Le Liban a des liens forts avec Lyon
A l’autre bout de la ville, au musée d’art contemporain (MAC), le cheminement d’un étage à l’autre a fini de nous persuader du renouvellement constant dans les formes et les expressions de l’art contemporain. Sans parler des émotions que procure la confrontation de l’Histoire avec un grand H et des bouleversements du présent. Un étage entier sur trois est consacré au Liban. Pour toutes les amoureuses du « Pays du Cèdre » c’est un régal plus ou moins acidulé que de découvrir la vitalité artistique de ce pays tout au long du 20è siècle jusqu’à aujourd’hui, malgré les guerres et les déchirures, malgré la destruction du port de Beyrouth...
C’est à travers la soie -elle a fait la richesse de Lyon autrefois- que les commissaires de l’exposition ont découvert les liens de la région lyonnaise avec le Liban qui abritait des manufactures de ce précieux tissu. De plus, coïncidence malheureuse, la déflagration du port en 2020 a entrainé la destruction du musée d’art moderne. Voilà comment l’exposition du MAC est à l’image de l’ensemble de la manifestation : de l’insouciance des années 60 à la nostalgie et la peur de l’avenir, elle démontre que nous sommes fragiles, et résistant.es.

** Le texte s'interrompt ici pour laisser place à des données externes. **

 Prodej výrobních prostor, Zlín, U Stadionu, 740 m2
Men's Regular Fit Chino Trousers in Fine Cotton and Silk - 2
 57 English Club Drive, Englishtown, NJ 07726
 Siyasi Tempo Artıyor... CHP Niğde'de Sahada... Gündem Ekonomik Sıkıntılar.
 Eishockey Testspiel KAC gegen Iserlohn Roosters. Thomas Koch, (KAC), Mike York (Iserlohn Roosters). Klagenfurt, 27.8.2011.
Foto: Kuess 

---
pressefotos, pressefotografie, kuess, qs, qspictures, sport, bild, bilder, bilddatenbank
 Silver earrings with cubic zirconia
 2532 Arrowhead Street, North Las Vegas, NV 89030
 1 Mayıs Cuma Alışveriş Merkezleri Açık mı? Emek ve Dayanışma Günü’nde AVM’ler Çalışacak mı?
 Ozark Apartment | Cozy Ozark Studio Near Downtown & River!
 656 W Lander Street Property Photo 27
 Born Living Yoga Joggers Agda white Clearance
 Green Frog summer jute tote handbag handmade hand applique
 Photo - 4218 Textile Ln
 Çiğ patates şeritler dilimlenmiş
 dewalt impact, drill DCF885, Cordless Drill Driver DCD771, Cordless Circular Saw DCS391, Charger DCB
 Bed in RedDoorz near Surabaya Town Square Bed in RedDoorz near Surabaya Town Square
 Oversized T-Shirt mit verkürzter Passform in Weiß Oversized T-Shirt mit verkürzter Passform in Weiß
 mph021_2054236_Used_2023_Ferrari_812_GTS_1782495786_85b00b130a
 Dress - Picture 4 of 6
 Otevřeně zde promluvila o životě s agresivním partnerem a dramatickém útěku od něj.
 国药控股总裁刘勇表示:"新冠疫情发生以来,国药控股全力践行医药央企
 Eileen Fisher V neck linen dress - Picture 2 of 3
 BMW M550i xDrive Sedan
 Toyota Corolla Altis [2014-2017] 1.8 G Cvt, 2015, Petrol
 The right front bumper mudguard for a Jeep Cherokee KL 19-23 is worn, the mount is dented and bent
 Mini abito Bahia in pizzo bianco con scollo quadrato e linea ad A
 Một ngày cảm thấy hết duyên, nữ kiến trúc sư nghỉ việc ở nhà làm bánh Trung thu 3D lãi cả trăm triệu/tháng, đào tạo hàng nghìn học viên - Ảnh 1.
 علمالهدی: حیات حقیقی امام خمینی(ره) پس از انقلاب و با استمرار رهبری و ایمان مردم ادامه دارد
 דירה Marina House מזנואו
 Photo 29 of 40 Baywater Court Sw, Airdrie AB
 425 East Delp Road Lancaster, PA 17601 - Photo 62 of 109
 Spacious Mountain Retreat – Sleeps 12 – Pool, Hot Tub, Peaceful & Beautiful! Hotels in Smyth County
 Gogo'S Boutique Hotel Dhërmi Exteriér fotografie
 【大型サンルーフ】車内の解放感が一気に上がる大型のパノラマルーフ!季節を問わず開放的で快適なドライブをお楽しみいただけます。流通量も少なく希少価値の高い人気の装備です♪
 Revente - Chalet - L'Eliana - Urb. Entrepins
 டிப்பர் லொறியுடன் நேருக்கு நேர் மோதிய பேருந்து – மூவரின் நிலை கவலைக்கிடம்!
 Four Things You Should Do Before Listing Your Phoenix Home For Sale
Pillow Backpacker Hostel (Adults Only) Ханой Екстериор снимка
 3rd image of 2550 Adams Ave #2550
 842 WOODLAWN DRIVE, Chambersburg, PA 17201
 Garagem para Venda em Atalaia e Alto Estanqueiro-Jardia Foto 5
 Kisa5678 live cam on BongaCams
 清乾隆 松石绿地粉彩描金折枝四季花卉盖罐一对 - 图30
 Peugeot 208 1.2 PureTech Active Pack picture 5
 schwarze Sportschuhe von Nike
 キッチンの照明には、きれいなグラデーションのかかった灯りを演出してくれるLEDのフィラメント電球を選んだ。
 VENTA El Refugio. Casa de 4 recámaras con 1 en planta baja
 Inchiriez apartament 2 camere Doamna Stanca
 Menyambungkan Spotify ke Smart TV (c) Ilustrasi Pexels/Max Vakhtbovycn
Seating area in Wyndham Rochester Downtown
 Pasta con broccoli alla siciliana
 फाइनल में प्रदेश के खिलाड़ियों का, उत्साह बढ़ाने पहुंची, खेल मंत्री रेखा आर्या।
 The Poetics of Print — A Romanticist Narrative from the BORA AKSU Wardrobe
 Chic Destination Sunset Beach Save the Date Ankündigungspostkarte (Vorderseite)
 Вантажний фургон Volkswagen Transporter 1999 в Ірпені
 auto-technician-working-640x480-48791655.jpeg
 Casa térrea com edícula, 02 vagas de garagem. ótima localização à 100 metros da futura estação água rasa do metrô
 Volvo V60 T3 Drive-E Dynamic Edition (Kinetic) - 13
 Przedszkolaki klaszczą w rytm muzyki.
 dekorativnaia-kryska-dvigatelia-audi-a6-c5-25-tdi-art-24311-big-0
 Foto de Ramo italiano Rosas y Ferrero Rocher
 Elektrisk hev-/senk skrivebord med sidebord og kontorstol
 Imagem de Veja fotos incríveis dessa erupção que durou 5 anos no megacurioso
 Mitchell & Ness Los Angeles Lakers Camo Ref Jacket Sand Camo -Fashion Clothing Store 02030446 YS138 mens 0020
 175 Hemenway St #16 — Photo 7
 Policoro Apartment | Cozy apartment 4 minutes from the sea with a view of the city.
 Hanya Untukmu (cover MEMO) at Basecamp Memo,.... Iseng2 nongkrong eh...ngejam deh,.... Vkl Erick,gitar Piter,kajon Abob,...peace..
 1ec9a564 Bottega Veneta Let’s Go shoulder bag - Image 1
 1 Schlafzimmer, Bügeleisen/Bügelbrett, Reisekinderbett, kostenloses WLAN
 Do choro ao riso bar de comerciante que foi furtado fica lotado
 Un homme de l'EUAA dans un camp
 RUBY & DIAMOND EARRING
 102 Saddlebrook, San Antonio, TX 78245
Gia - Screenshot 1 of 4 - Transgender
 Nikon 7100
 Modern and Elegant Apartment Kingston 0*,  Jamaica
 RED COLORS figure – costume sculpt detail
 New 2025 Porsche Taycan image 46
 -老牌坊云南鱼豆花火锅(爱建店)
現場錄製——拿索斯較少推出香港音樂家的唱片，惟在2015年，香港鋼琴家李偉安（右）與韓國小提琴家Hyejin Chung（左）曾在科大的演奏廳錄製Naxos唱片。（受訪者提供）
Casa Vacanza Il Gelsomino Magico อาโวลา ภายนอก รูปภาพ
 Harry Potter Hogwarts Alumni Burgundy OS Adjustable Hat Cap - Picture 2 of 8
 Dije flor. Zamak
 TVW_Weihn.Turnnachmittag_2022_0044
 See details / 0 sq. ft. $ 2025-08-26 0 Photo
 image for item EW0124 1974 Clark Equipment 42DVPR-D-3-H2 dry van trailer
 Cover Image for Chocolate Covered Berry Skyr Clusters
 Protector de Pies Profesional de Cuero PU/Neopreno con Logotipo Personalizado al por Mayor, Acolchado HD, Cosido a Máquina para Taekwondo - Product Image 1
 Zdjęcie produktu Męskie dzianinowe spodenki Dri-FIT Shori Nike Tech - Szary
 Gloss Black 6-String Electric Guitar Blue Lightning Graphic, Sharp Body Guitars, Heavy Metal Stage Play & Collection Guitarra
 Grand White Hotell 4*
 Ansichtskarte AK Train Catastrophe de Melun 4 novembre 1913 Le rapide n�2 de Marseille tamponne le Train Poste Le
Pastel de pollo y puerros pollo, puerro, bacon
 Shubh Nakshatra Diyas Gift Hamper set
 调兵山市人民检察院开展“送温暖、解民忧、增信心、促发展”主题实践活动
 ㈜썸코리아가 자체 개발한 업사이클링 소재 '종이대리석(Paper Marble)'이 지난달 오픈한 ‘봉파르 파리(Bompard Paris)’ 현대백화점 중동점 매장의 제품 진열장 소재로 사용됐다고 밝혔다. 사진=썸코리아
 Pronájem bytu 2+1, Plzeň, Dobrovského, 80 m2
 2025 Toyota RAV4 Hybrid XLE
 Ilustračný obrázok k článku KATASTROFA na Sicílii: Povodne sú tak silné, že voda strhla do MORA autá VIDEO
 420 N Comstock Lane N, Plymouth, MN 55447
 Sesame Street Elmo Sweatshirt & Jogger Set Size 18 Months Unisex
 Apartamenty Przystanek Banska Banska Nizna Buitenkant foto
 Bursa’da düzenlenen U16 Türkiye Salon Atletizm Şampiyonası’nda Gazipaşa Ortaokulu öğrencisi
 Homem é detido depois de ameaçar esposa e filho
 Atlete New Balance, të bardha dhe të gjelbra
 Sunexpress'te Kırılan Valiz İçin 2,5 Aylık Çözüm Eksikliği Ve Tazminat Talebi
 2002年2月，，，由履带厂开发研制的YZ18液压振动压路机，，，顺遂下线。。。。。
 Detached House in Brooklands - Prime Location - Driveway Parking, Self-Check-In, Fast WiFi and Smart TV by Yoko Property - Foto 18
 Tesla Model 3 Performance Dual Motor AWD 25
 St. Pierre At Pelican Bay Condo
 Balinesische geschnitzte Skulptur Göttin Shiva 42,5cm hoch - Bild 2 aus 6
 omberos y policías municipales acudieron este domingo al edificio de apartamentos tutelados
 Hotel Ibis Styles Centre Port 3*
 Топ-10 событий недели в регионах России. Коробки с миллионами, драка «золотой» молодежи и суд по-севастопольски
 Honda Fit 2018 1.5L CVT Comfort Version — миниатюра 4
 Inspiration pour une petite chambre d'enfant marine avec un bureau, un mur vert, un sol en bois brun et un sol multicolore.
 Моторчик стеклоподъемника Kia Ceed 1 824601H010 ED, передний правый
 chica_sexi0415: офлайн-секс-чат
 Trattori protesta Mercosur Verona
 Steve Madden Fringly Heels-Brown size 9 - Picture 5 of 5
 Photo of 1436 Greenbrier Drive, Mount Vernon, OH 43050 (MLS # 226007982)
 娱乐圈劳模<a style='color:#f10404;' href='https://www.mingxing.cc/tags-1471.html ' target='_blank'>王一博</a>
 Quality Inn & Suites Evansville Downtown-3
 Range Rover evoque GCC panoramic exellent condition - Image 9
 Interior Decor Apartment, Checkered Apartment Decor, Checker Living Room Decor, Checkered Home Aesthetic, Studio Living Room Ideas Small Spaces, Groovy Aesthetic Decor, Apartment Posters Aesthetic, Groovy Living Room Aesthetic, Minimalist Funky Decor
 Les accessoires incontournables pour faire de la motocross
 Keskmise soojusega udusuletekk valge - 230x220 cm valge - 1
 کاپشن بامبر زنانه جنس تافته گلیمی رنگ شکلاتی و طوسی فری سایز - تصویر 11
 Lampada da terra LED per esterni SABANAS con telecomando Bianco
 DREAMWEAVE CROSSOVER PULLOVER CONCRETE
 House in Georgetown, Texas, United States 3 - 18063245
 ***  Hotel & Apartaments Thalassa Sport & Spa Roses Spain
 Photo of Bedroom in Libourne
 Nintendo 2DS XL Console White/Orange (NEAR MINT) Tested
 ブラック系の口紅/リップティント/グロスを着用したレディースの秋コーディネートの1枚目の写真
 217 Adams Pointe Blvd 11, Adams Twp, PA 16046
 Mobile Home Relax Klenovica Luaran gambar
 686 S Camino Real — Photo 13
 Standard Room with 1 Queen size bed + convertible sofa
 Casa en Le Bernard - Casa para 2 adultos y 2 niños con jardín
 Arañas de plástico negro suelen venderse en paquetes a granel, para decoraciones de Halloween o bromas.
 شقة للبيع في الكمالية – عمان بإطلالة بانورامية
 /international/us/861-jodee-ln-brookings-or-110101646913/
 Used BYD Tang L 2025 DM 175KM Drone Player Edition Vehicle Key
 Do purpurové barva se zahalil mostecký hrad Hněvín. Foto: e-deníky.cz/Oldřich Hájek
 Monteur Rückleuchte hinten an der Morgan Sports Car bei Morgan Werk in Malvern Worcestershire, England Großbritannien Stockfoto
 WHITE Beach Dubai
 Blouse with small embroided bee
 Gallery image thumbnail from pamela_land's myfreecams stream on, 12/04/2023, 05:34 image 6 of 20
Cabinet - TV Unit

Gardons le dernier étage du MAC en dessert. Il est dédié à une femme, Louise Brunet, jetée en prison pour avoir participé à la révolte des Canuts à Lyon en 1834. Il semble qu’elle ait entrepris par la suite un voyage périlleux, de Lyon jusqu’aux manufactures de soie du mont Liban. Le récit romancé de sa vie en grande partie méconnue donne lieu à toute une série de juxtapositions d’oeuvres qui dépoussièrent les époques en mettant en lumière avec humour les esthétiques d’un moment donné. On a particulièrement apprécié une vidéo : « a Brief History of Princess X » que nous recommandons chaudement à toutes les amatrices d’art, de psychanalyse et de sitcom. Dans les fictions nouées autour de micro-évènements, on découvre des merveilles sous formes de photos, peintures, dessins, installations, performances, vidéos.
Ainsi, ce Manifesto of fragility, ode à la fragilité, à l’intimité retrouvée, transmet aux visiteur.es le désir d’une humanité qui voudrait tant être heureuse, ou au moins, résiliente.